コンテンツ一覧 > 季の雲の作家たち > 季の雲の作家たち-04

季の雲の作家たち04 服部竜也

04陶土・ろくろ・窯などがいたる場所に存在している陶芸の町、岐阜県多治見市で生まれ育った服部くん。公園で遊んでいる時や登下校時にも、当たり前のように陶磁器を目にする環境…。それらはあまりにも日常の風景で、小さい頃は陶芸というものに興味が沸かなかったそうです。それから時は流れて、大学卒業後。モノを作る仕事がしたいと思った彼は、多治見にある「意匠研究所」という陶磁器の専門学校に入学します。はじめはオブジェのような鑑賞用の作品を制作していましたが、次第に使ってもらえるモノづくりに移行。「お客さんから直接、使った感想や喜びの声を聞くことで、観てもらうだけのモノを作っていたときよりも、陶芸を楽しんでいる自分に気付いたんです」と当時を振り返ります。

フグ!? を想像させる丸みのあるフォルム

に、おちょぼ口のような注ぎ口。思わずクスッと微笑んでしまう代表作のポットシリーズに対して、黒を基調にした銀彩のシリーズはクールで凛とした趣。異なる雰囲気を漂わせる二作品ですが、どちらも手に取ると、背筋をピンと伸ばしてシャキシャキと気持ちの良い話し方をする彼らしく、細部まで実に丁寧に作られていることに気付かされます。尊敬する作家は20世紀を代表するイギリスの陶芸家、ルーシー・リー。その影響もあり、当初は洋食器からのスタートでしたが、現在は和・洋どちらの料理も映えるようなうつわ作りが目標です。

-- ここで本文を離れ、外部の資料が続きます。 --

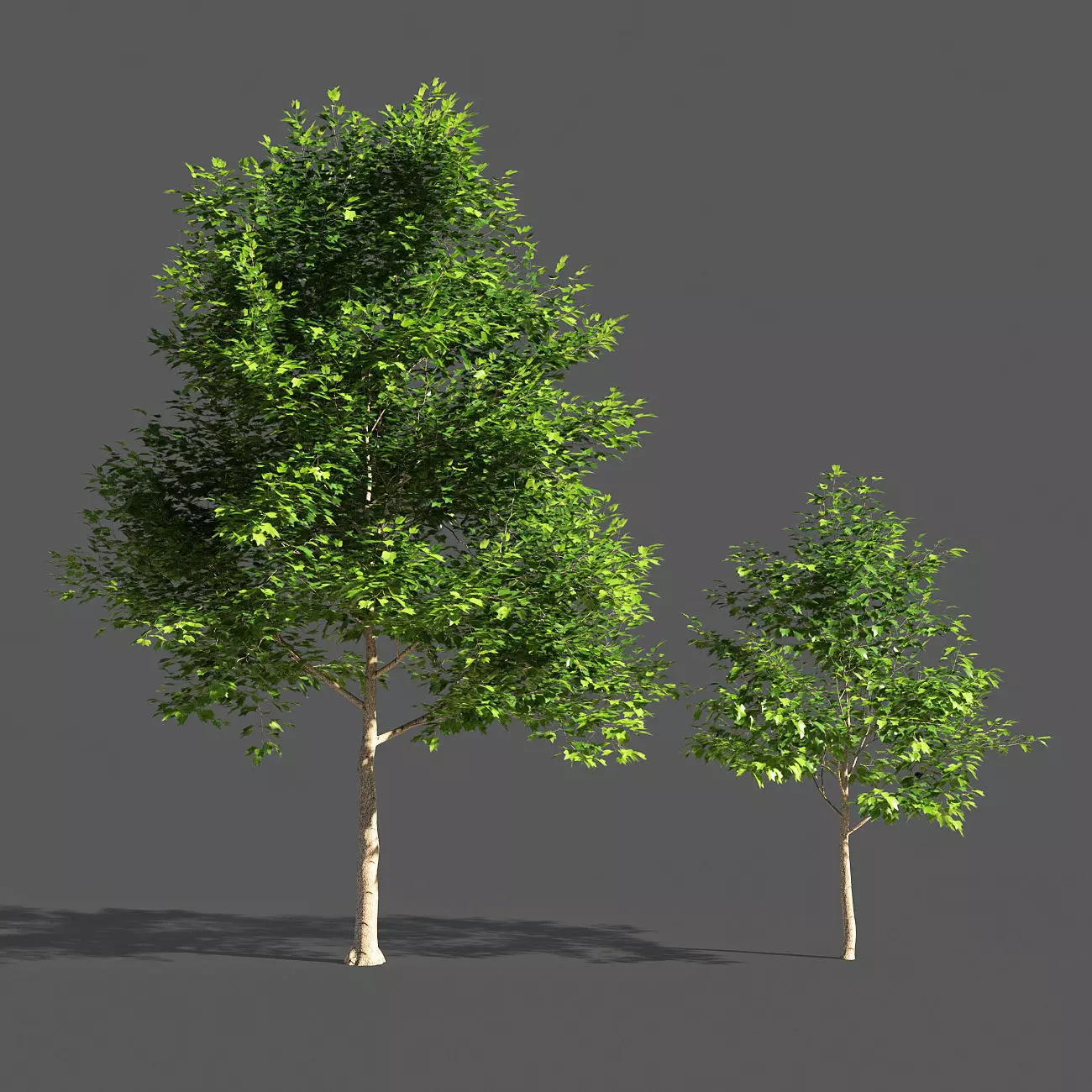 TULIP TREE 3 3D model_0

プライベートでは最近の若者らしく、スノボーやスケボー、サーフィンなどで思いっきり弾けて、ON とOFFのスイッチを切り替える。なのでしょう。彼の手から生まれた作品からは、澱みのない高い集中力が伝わってくるのですね。

服部竜也 Hattori Tatsuya

1978年
岐阜県多治見市生まれ
2004年
多治見市陶磁器意匠研究所 修了
第5回益子陶芸展 入選
第42回朝日陶芸展 入選
2005年
第7回国際陶磁器展美濃
デザイン部門 入選
陶芸部門 入選
2007年
テーブルウェア・フェスティバル 入選
第4回京畿道世界陶磁ビエンナーレ国際公募 入選
2008年
第8回国際陶磁器展美濃 入選
現在
岐阜県土岐市にて制作
01

風船のような形状で愛敬たっぷり。不動の人気を誇る、クリームポット。水切れもよく、ティータイムが楽しくなるアイテムです。

02

7寸、8寸、9寸から好みのサイズが選べる、銀彩線刻のプレート。盛り付けると、いつもの料理がスペシャルな料理に変身する優れもの!

03

流線シリーズのボウルを手にする服部くん。出来上がったうつわたちを愛おしそうに見つめる彼の眼差しはとても優しい。